> _Work task_
Could you filter the records below and return each line that holds "Home"?

::: Provided data

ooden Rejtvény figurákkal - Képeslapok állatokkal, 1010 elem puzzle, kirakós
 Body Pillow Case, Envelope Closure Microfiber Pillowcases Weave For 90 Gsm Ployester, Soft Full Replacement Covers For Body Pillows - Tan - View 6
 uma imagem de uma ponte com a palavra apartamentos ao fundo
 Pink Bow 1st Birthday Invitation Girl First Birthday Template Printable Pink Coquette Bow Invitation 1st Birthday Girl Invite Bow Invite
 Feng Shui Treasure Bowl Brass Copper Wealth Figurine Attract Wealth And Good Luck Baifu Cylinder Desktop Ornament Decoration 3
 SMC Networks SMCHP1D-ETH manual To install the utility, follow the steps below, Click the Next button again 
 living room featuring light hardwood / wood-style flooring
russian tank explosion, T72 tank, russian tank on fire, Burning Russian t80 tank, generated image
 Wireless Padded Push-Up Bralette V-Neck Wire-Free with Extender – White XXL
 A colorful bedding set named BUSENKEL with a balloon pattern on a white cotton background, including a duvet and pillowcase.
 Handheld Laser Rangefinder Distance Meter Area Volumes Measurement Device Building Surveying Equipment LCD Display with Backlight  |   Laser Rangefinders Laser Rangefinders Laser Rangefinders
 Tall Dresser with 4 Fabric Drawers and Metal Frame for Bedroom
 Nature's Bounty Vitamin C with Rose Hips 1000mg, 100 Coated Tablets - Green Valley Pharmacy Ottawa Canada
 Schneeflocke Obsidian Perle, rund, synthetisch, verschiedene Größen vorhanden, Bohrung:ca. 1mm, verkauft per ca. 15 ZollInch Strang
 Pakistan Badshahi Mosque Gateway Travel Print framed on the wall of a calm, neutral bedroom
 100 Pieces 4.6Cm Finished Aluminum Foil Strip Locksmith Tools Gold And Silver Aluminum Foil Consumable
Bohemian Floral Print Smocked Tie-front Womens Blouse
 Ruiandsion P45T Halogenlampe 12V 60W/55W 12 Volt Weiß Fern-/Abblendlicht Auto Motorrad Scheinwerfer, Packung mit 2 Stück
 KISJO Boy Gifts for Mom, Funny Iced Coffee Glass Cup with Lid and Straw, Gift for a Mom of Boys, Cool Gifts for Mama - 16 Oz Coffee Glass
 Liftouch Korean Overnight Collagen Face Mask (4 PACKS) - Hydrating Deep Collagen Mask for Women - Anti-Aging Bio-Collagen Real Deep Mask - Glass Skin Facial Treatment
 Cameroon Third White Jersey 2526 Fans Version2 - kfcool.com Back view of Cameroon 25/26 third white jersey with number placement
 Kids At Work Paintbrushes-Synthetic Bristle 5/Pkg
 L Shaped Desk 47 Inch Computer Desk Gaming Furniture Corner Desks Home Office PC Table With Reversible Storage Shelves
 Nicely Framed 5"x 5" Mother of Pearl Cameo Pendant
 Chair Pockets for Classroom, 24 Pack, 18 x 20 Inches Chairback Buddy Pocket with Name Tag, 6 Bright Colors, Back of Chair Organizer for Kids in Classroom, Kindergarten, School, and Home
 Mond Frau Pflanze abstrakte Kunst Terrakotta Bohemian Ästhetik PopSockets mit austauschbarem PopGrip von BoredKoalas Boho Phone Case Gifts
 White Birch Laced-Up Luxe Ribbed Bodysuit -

::::::

> _Task result_
 L Shaped Desk 47 Inch Computer Desk Gaming Furniture Corner Desks Home Office PC Table With Reversible Storage Shelves
 Chair Pockets for Classroom, 24 Pack, 18 x 20 Inches Chairback Buddy Pocket with Name Tag, 6 Bright Colors, Back of Chair Organizer for Kids in Classroom, Kindergarten, School, and Home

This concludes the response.